El último reporte oficial indica que 2.927 familias quedaron damnificadas, mientras que al menos 157 personas permanecen desaparecidas y 200 continúan atrapadas entre los escombros. Las autoridades también informaron que 250 edificios presentan daños estructurales y que ocho hospitales resultaron afectados, algunos de los cuales debieron evacuar a pacientes y personal sanitario.

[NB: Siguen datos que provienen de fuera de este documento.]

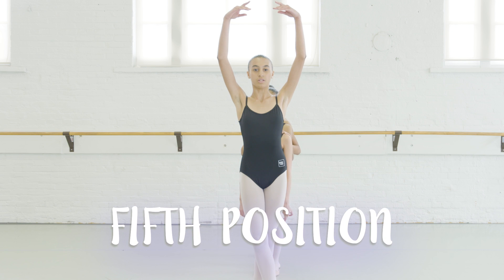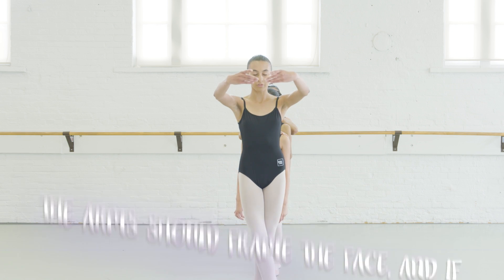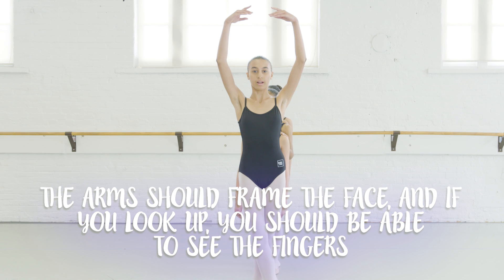This is fifth position. Make sure it's not too low covering your face or not too high. Make sure it's right above your head.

La presidenta encargada de Venezuela, Delcy Rodríguez, recorrió el jueves La Guaira, el área identificada como el epicentro de la devastación. En ese estado, más de 100 edificios colapsaron a causa de los sismos, lo que llevó al despliegue de más de 100 equipos de maquinaria pesada para las tareas de rescate y recuperación de víctimas.
Por su parte, Estados Unidos anunció el despliegue de fuerzas militares para apoyar las operaciones de socorro, luego de que las autoridades interinas solicitaran asistencia. En paralelo, el Departamento del Tesoro flexibilizó las sanciones contra Venezuela al autorizar de forma temporal las transacciones vinculadas con la ayuda humanitaria destinada al país.
Durante la madrugada comenzó a llegar la ayuda internacional al país y se espera que en las próximas horas arriben más insumos en aviones sanitarios para asistir a las víctimas.
Además, rescatistas de diversos países iniciarán este viernes las tareas de búsqueda, localización y rescate de personas y mascotas en las zonas afectadas.